Aquí dice la palabra que Dios es quien controla la resistencia, no tu. Este pueblo sale de la esclavitud, donde Dios lo quería llevar le tomaba once días, pero por criticar y murmurar le cogió cuarenta años de quebrantamiento, de dolor, estaban inconforme; Dios le dio todo, pero resistían al trato de Él, porque estaba probando su corazón y detrás de eso es que el Señor anda detrás de ti.
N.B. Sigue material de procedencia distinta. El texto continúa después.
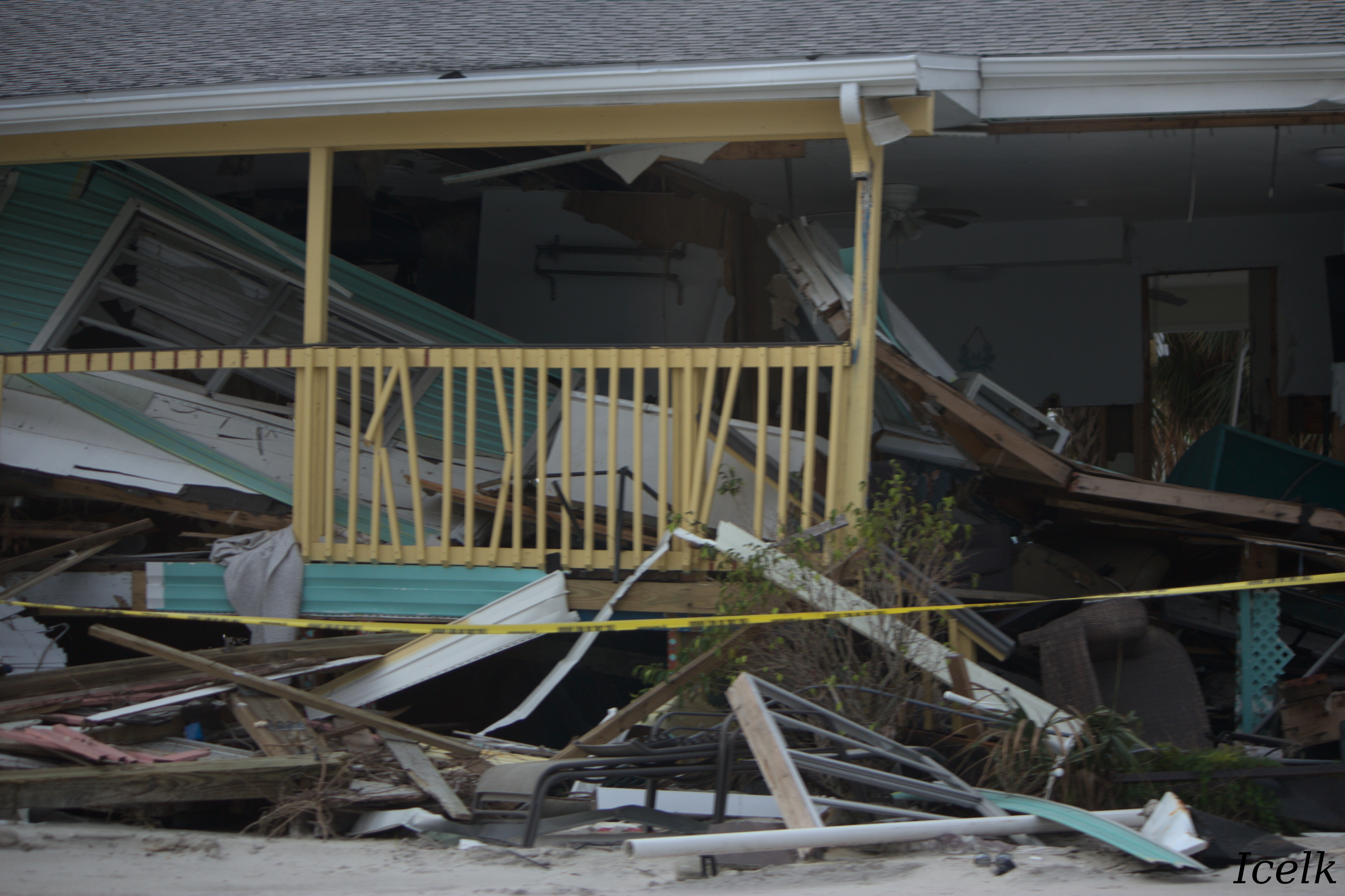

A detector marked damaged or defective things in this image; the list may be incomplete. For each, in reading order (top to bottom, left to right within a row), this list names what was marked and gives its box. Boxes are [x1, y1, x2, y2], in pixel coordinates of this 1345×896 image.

splintered lumber [0, 517, 152, 573]
splintered lumber [0, 627, 417, 700]
splintered lumber [89, 624, 481, 759]
splintered lumber [551, 624, 753, 759]
splintered lumber [0, 748, 330, 807]
splintered lumber [385, 732, 473, 818]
Cuando Dios quiere trabajar en tu vida y usa una persona que tú amas para que te traicione, Él te está preparando, eso te va a doler y vas a llorar amargamente. Lo último que Dios hace es meterte en un armario, esto quiere decir que cuando Él dura mucho tiempo trabajándote en el quebrantamiento, pone un sentimiento dentro de ti de abandono, soledad e inconformidad, porque dejaste de hacer lo que Él te dice que haga. Lo bueno de todo esto es que Dios es paciente, espera que reacciones y que vuelvas en sí, para Él volverte a poner donde te corresponde estar.

2 Corintios 4:17-18 dice: 

“Porque esta leve tribulación momentánea produce en nosotros un cada vez más excelente y eterno peso de gloria; no mirando nosotros las cosas que se ven, sino las que no se ven; pues las cosas que se ven son temporales, pero las que no se ven son eternas”.

Tu quebrantamiento es leve y te va a dar un crecimiento espiritual. Es tan grande la bendición que vas a recibir, que se te importa pasar ese quebrantamiento mil veces más.

Cuando estás metido en la tribulación, en el quebrantamiento, se te hace más difícil, menos leve, porque solo estas mirando las circunstancias. No mires lo que te está pasando ahora, mira lo que viene.